Hey! If you're interested to try out finetuning Llama-3 8B (Meta's new 15 trillion token!! model), made a Colab to finetune Llama-3 2x faster and use 60% less VRAM, and supports 4x longer contexts than HF+FA2.

Also uploaded Llama-3 70b pre-quantized 4bit so you can download it 4x faster! unsloth/llama-3-70b-bnb-4bit

syntaxing · on April 19, 2024

Hard to read on mobile, but if you don’t mind me asking, what’s the catch? Is there a penalty to training faster and less VRAM?

danielhanchen · on April 19, 2024

No catch at all!! There's 0 approximations, so everything is exact! We just have a custom backprop engine, rewrite everything into OpenAI's Triton language, and do all the differentiations and maths ourselves :)

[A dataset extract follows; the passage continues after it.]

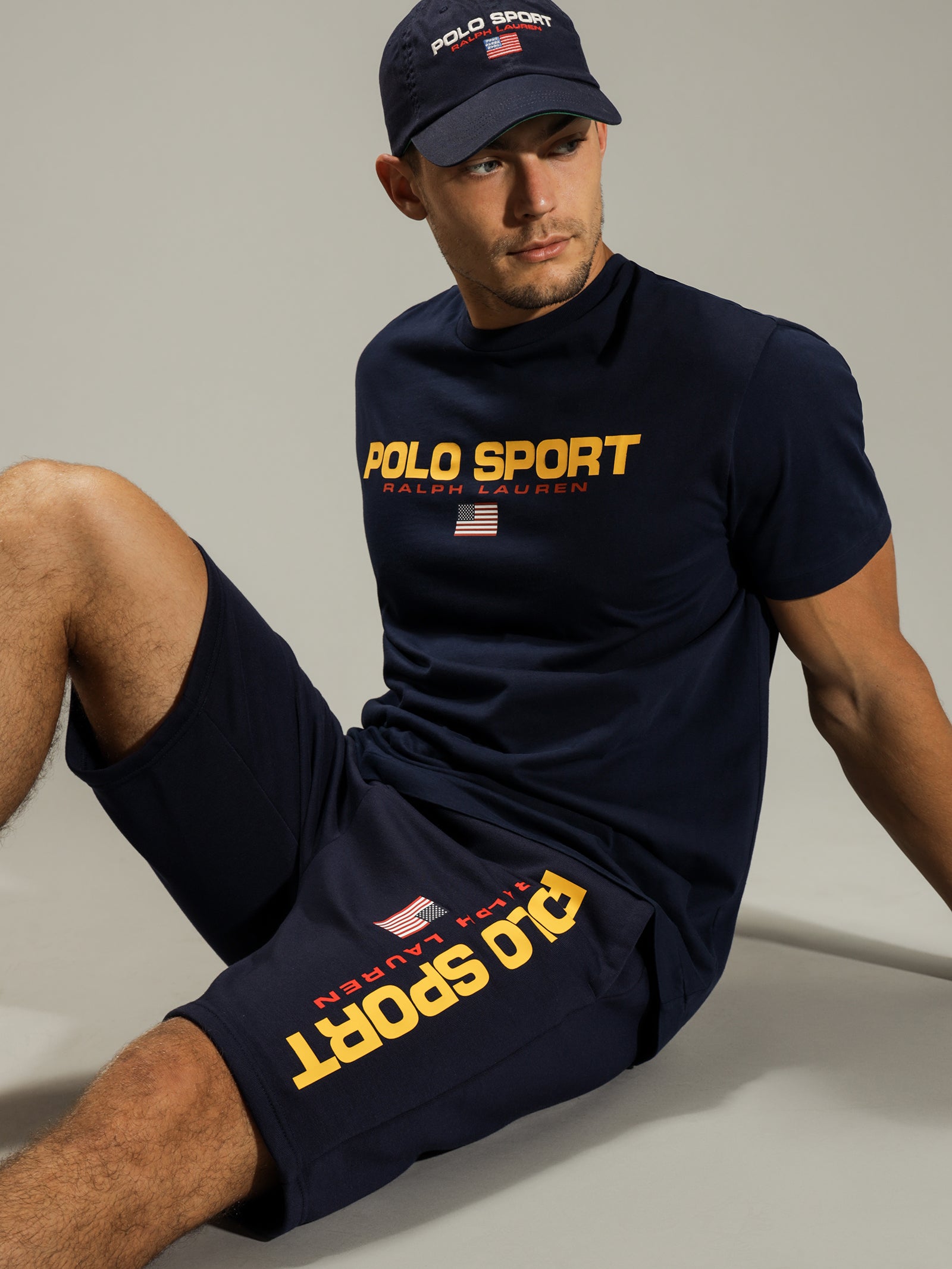 Logo Print Track Shorts in Navy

Unsloth can fit 4x longer context windows than HF + Flash Attention 2 as well with our latest long context update, so 30% less VRAM use, at the expense of slightly +1.9% overhead.

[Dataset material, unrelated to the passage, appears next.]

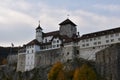 Castle Aarburg in lateral view in autumn with overcast sky. Royalty Free Stock Photo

popinman322 · on April 19, 2024

Any news on when Unsloth's parallel full tuning will be available?

danielhanchen · on April 19, 2024

Full training hmm - for now finetuning in 16bit and 4bit are supported - if people are interested can work on it!

danielhanchen · on April 21, 2024

I have also have a Kaggle notebook: https://www.kaggle.com/code/danielhanchen/kaggle-llama-3-8b-...

Kaggle provides Tesla T4s 30 hours for free per week!!